GIVEN MATERIAL |
============

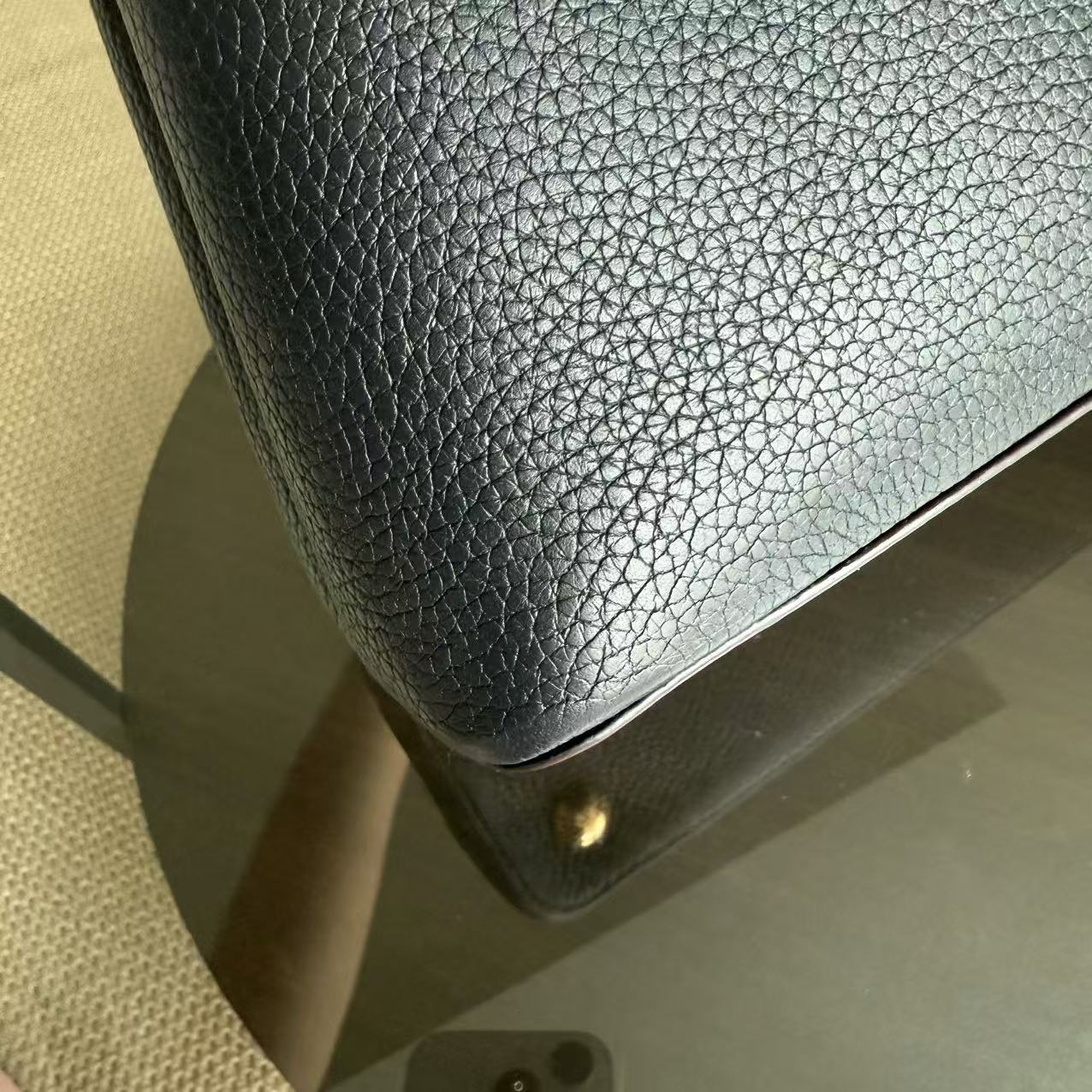 LVT Capucines MM - Black Taurillon Grained Calfskin GHW
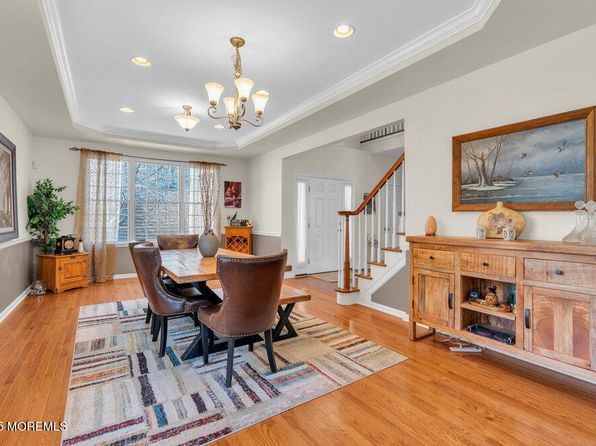 27 Brittany Ct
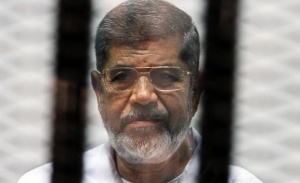 Отмениха смъртната присъда на бившия египетски президент (Обновена)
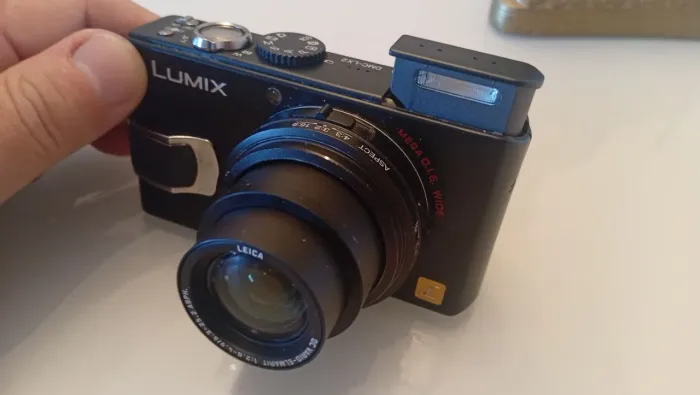 Lumix DMC-LX2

============

PROBLEM DETAILS | Leave out the pictures and copy the rest of the material above exactly.

ANSWER TO THIS EXERCISE |
 LVT Capucines MM - Black Taurillon Grained Calfskin GHW
 27 Brittany Ct
 Отмениха смъртната присъда на бившия египетски президент (Обновена)
 Lumix DMC-LX2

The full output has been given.